In fact, I think we have discussed it before :-)
It seems like it would be really cool to create some sort of simple scheduler service that basically accepts accepts all job requests and saves them to disk.
Yeah, feels like it should be fairly simple. It could run in EC2 or whatever.
Maybe its preseeded with a job-id so that we can return unique job ID's back to the caller.
I think this is essential. It might help to move away from using the database-assigned primary key id as the id we present to the user maybe? One way this could work though is people _always_ submit to this simple service in the cloud, in which case it could get to assign the IDs.
We then create some type of import tool that, once the service is back online, can suck in this data and execute the jobs.
Right.
Thoughts? Am I solving the wrong problem?
Well. The thing that occurs to me is that what we are doing here is building a system that aims to be available for writes in the face of network partitions, and other people have already built systems that have this property -- it is basically the whole principle behind Amazon's famous dynamo db [1] and the systems it inspired like Riak and Cassandra. It seems unlikely that we'd do a better job than them.

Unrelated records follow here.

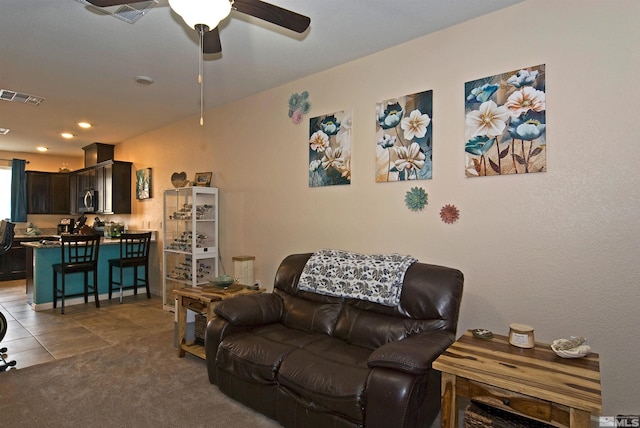 carpeted living room with ceiling fan, visible vents, and tile patterned floors
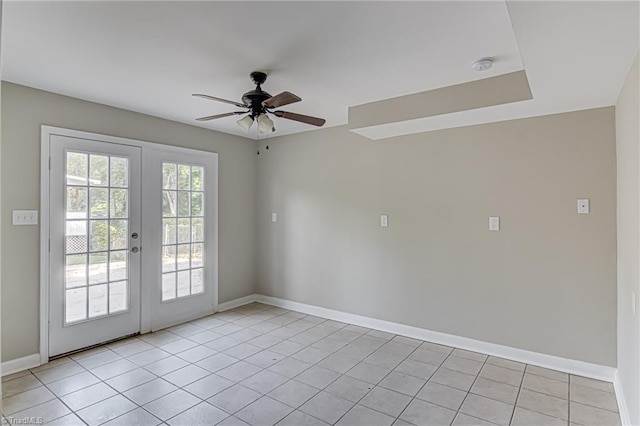 tiled spare room featuring french doors and ceiling fan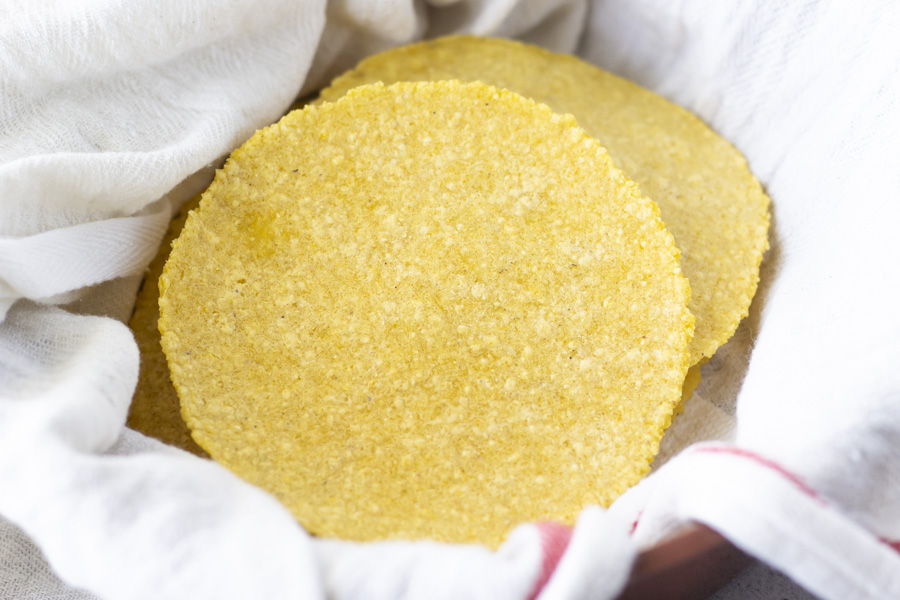 Up close view of yellow corn tortillas inside a kitchen towel.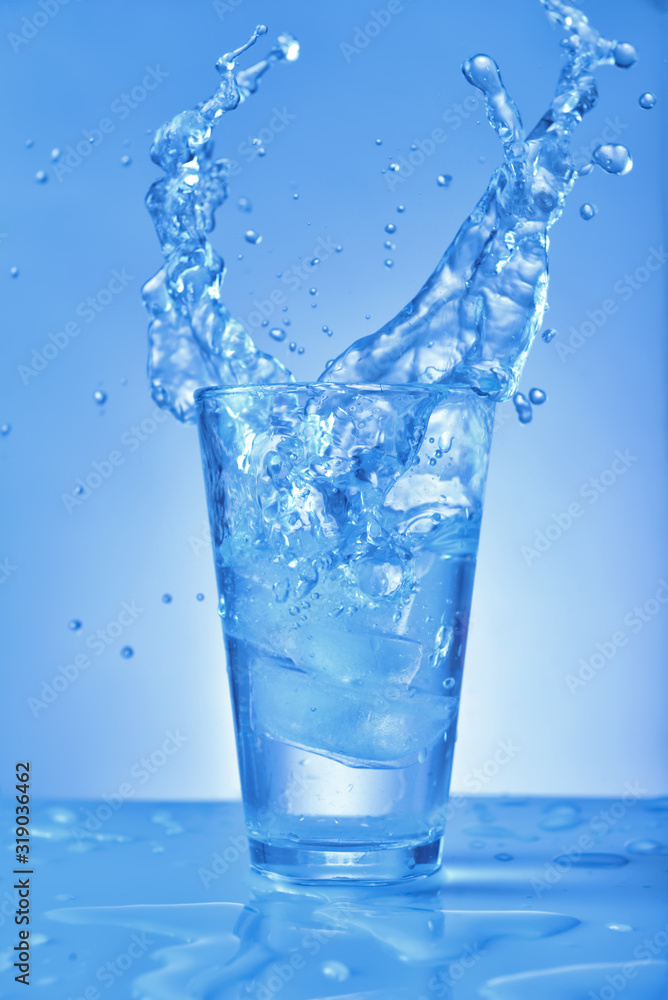 Glass of fresh water with splash on color background Glass of fresh water with splash on color background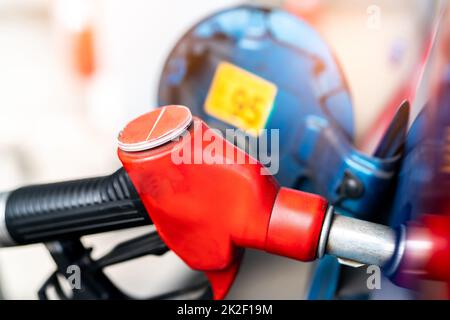 Close-up red fuel nozzle. Gasoline pump nozzle. Car fueling at gas station. Refuel fill up with petrol gasoline. Petrol pump filling fuel nozzle in fuel tank of car at gas station. Oil price crisis. Stock Photo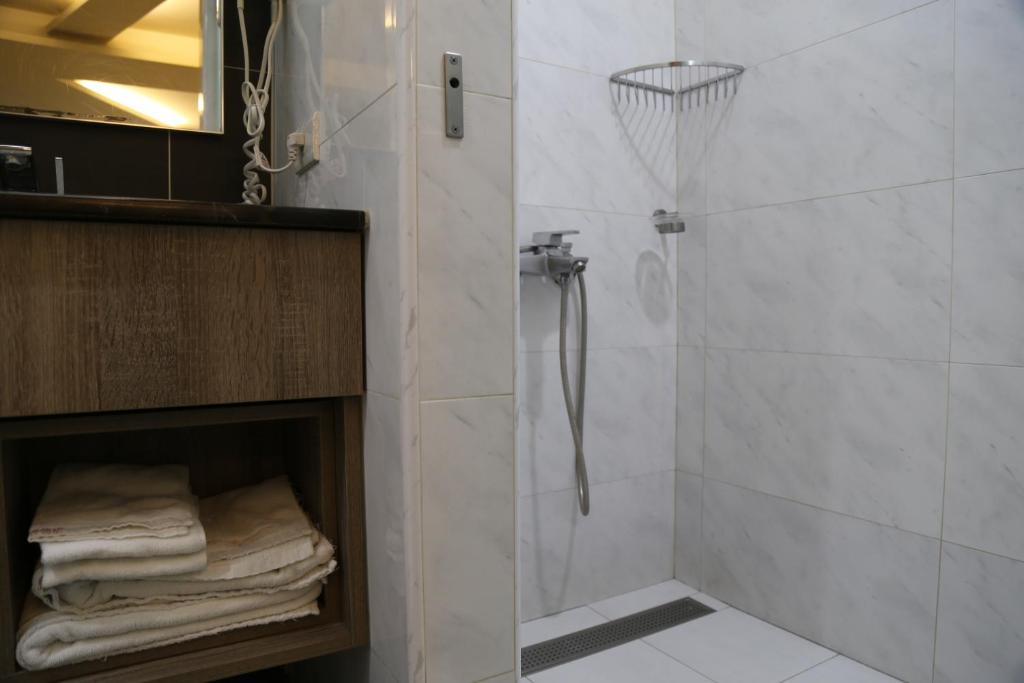 Koupelna v ubytování 德瑞旅店Direct Hotel
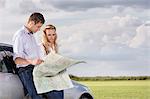 Couple reading map while leaning on car at countryside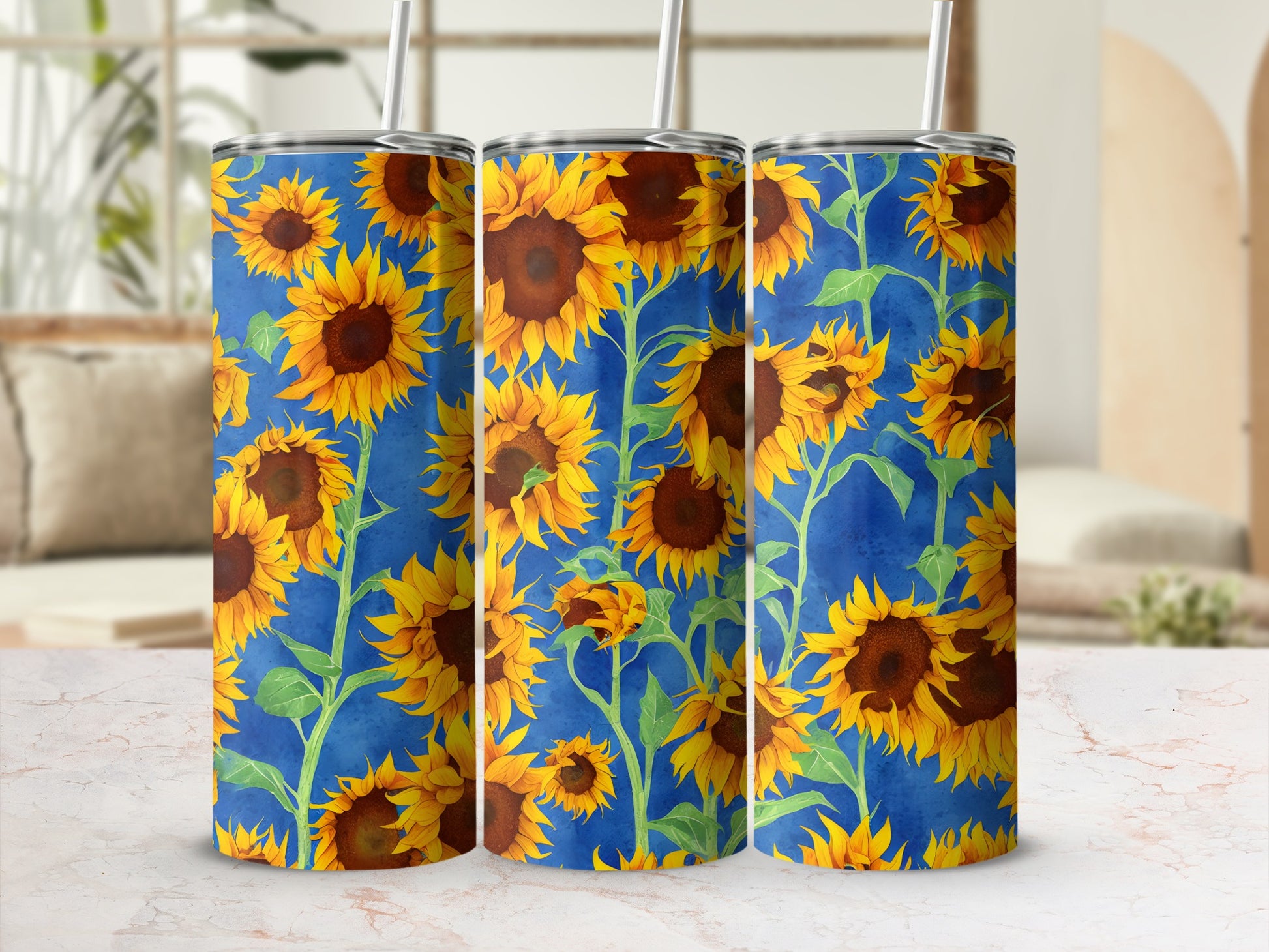 Blue tumbler with a repeating pattern of yellow sunflowers and green leaves.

One thing that I don't completely understand how to replicate if we have a simple job-accepting scheduler in the cloud is the sanity check about the submitting user being able to submit results to the stream specified in the job -- or even if token provided while submitting the job is valid, come to think of it!
Cheers, mwh
[1] Everyone in computing should take the 40 minutes or so it takes to read this paper: http://www.allthingsdistributed.com/files/amazon-dynamo-sosp2007.pdf if only for this quote:
"For example, customers should be able to view and add items to their shopping cart even if disks are failing, network routes are flapping, or data centers are being destroyed by tornados."